Hi
I’m trying to train a character level RNN with a difference that each token(character) gets classified into one of m classes (multi class classification). My Input is of the shape (batch_size, seq_len, num_classes) because I’m using OHEncoding and output is of shape (batch_size, seq_len,num_classes) with softmax applied to dim 2. Here’s my model
x has the shape (seq_len, batch, hidden_size), in your case (101, 32, hidden_size), since the output contains the hidden states for ALL 101 time steps.
The most obvious solution would to to use only the last hidden state. So you can either do
self.op(x[-1]) or
self.op(h[-1])
In your case, both x[-1] and h[-1] will have the shape (batch, hidden_size), in your case (32, hidden_size).
The output of the self.op layer will be (batch_size, num_classes), in your case (32, 32), exactly what you want.
The last change you need to do is to change dim=2 to dim=1 in your definition of the Softmax layer.
Hi @vdw
thanks for your response. If I only use the last output or hidden layer from the RNN I’m only getting one prediction for one sequence. Whereas I want predictions for each character in the sequence (101 seq_length). Also to clarify the output shape I mentioned is actually the shape of the labels. So my input and labels are of same shape (batch_size, seq_len, num_classes).

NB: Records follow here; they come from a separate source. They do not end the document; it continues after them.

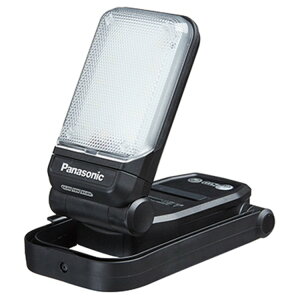 pi\jbN Hp[dLED}`Cg  EZ37C4-Byiz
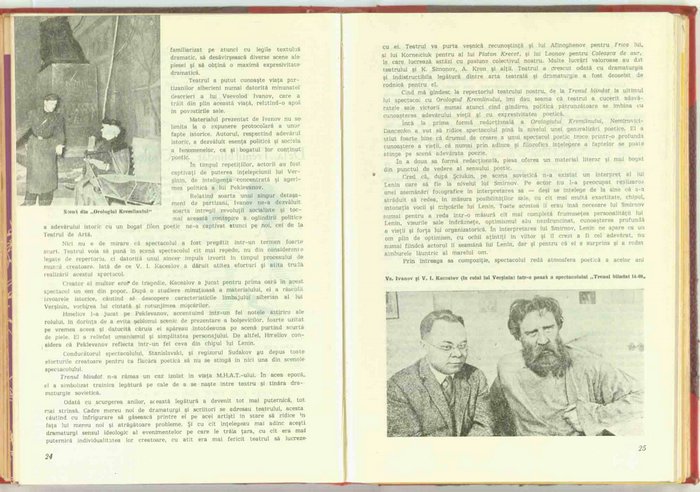 00305.1956.06.pag024-025.jpg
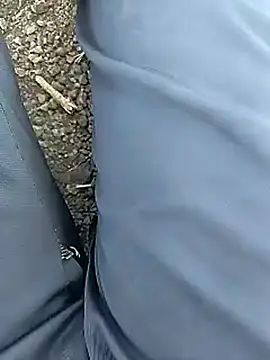 Cute Boy 4 online show from 04/10/26, 04:17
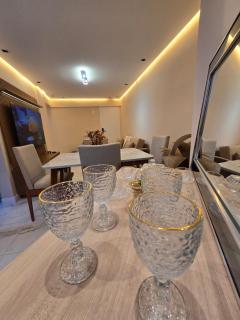 Lindo apartamento na Barra - 9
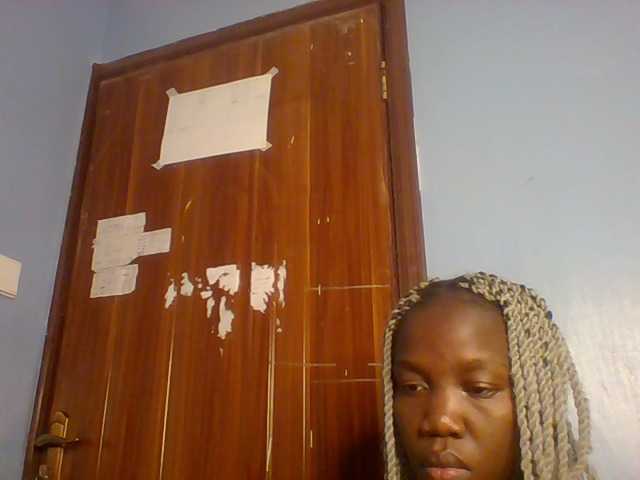 Lovelyboo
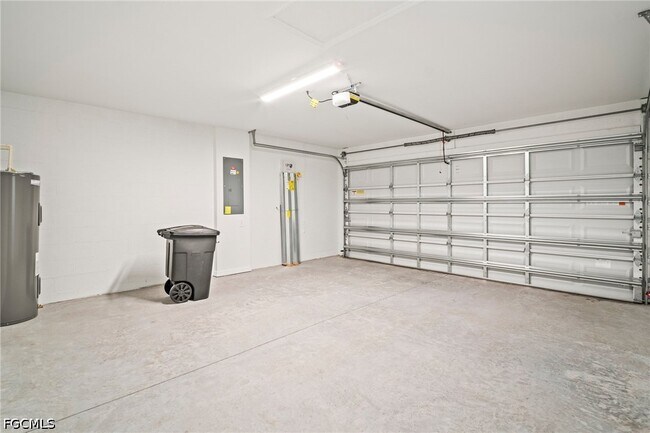 Photo - 17556 Monte Isola Wy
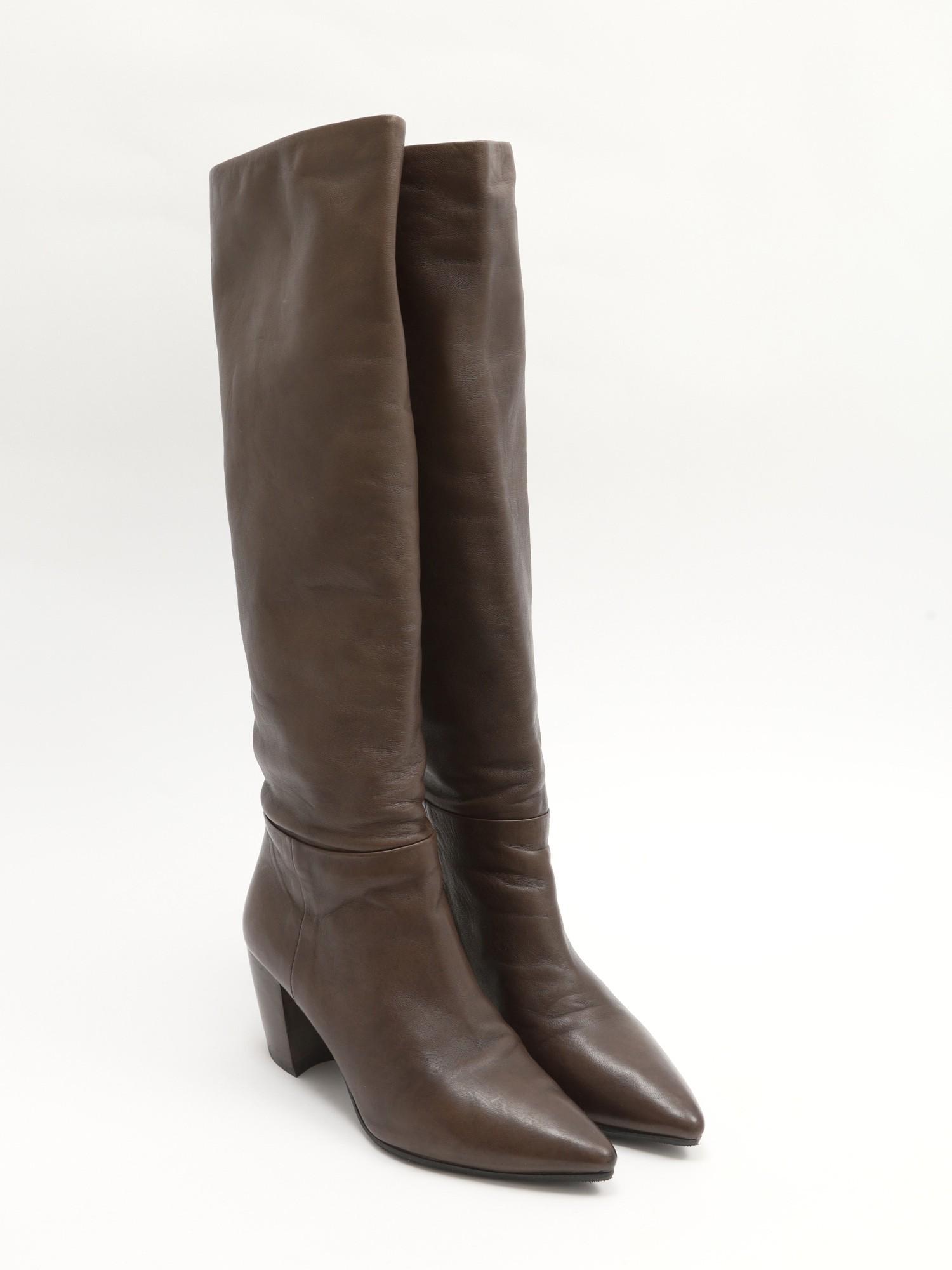 Prada 38.5, фото 3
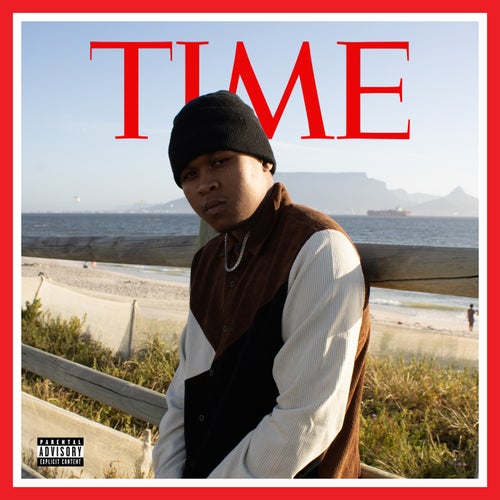 Time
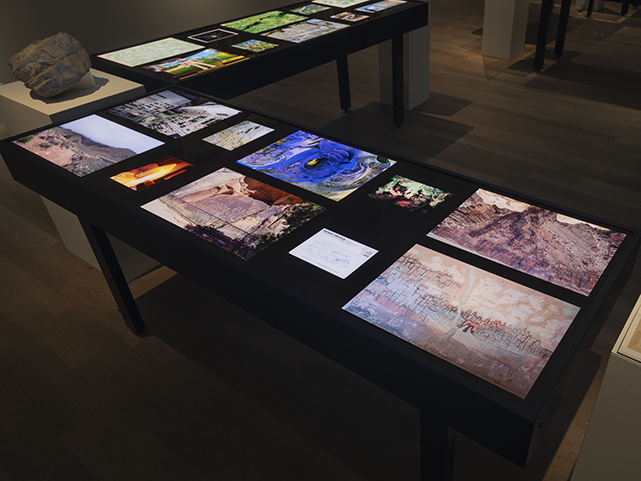 MuseeJenisch-EmmanuelleAntille-JulienGremaud-045-web.jpg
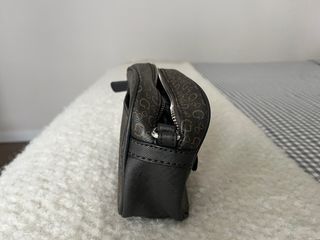 Bolso Guess bandolera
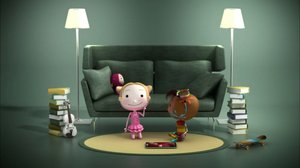 Muisti (S): 22.06.2018 18.00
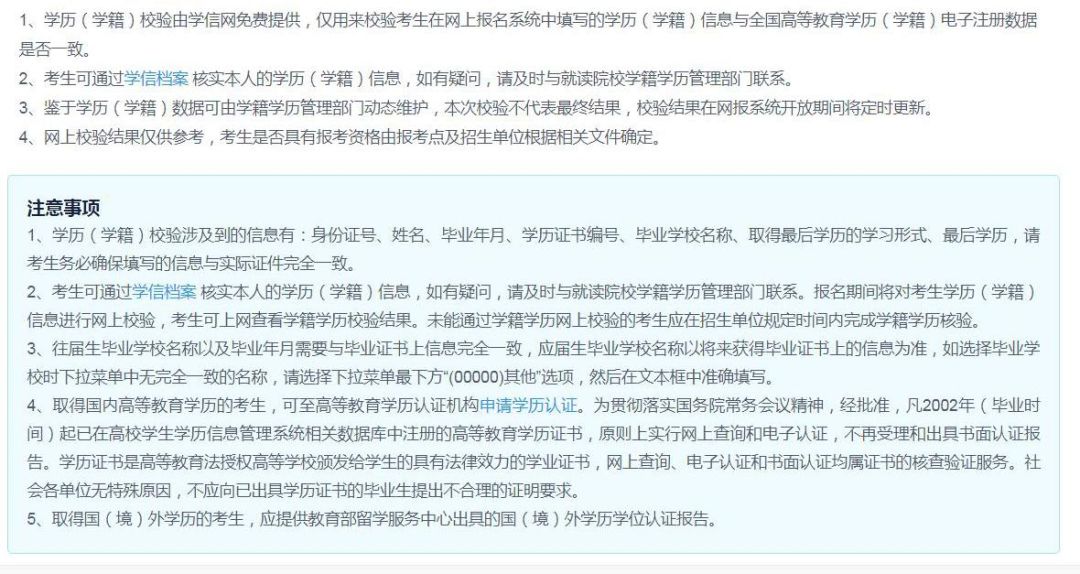 1570879867849295.jpg 1570879867849295.jpg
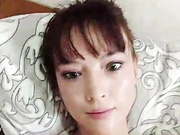 Huliganka00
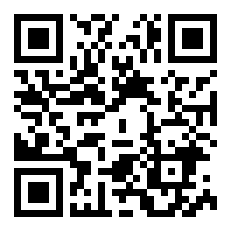 香皂花可以用来洗澡吗？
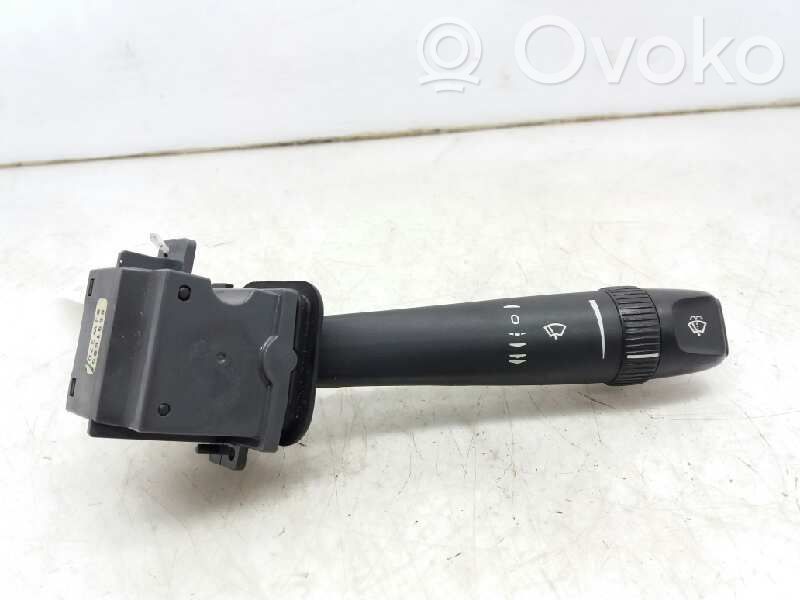 Volvo S60 Pyyhkijän vipu 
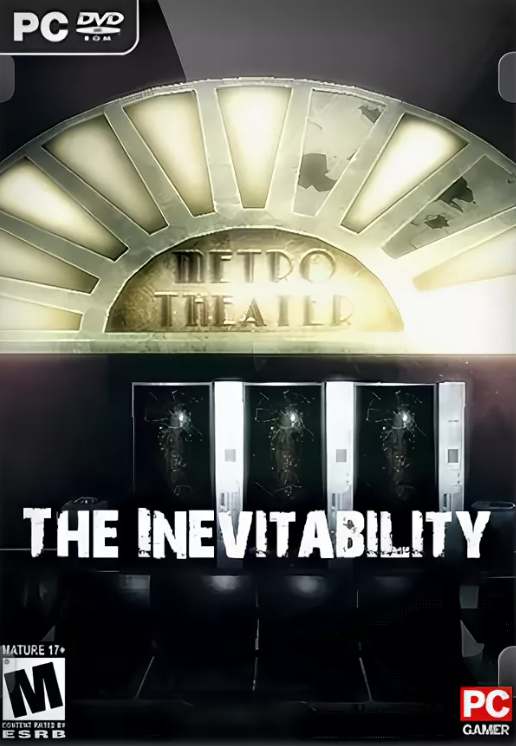 The Inevitability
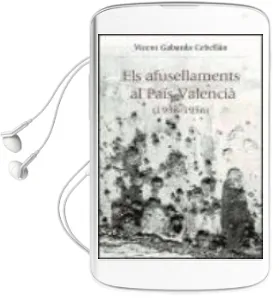 Descargar AudioLibro Politica y Educacion en la ii Republica:(Valencia 1931-1936) de Candido Ruiz Rodrigo año 2012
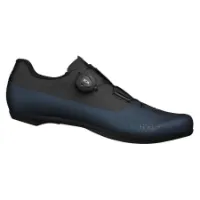 Fizik Tempo R4 Overcurve Skor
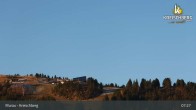 Archiv Foto Webcam Kreischberg Steiermark 06:00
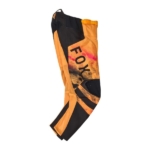 e1d33fbc49553cbbcf0f1c5172d7d83bbe38ea020a62a9c730ef5161e2ca3138-600×600 e1d33fbc49553cbbcf0f1c5172d7d83bbe38ea020a62a9c730ef5161e2ca3138-600×600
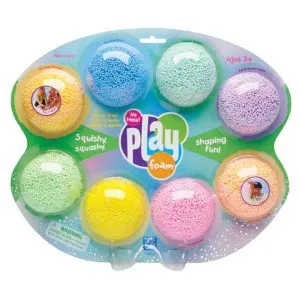 playfoam-small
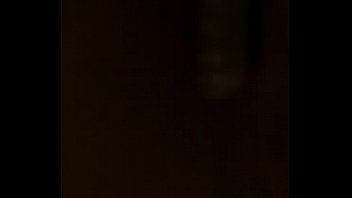 Clownbag Ii thumbnail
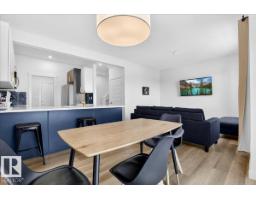 #15 1910 Collip View Vw Sw Sw, Edmonton, AB T6W5H4 Photo 35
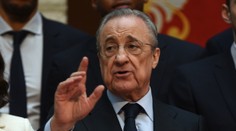 Anglické kluby sa odhlásili zo Superligy, zvyšných 6 tímov chce pokračovať v projekte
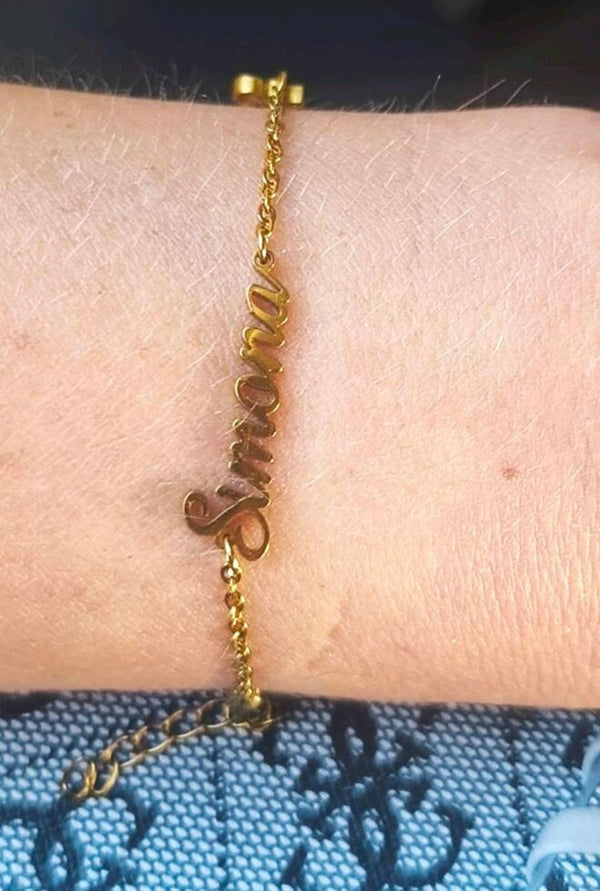 Foto da avaliação de Bruna Salgado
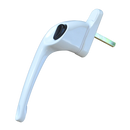 ERA Maxim Offset Non Locking Espag Handle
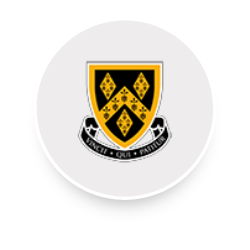 Stockport Grammar School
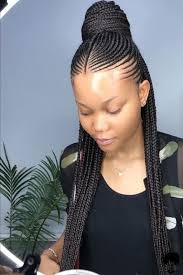 This is one of the unique shuku weaving styles that you need to try out this year. 45 Majestic Ghana Weaving Shuku Styles For 2021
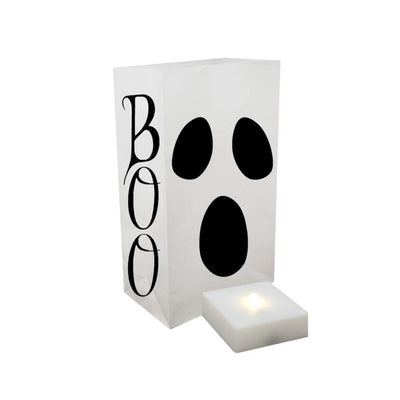 Product Image: 85406 Holiday/Halloween/Halloween Outdoor Decor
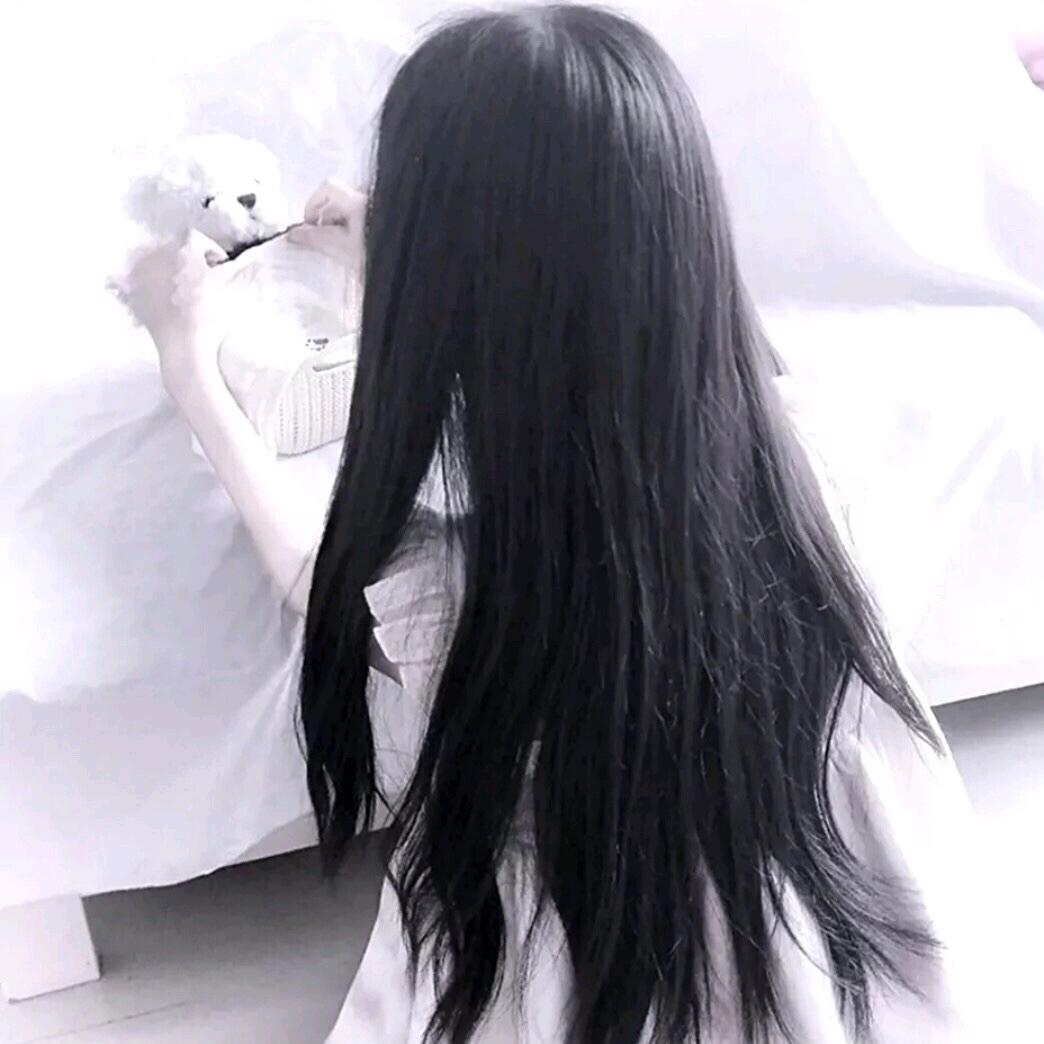 云宝贝.💜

@vdw, The suggestion worked
I used the Udacity’s Notebook to change the output and final activations in my model. The outputs were changed from (batch_size, seq_len, num_classes) to (batch_size, seq_len), after I removed OHEncoding for the output. During the training time, the raw logit outputs were used in the loss function and in the inference stage I applied Softmax to change the model outputs to probabilities. I guess that’s the only way to do it.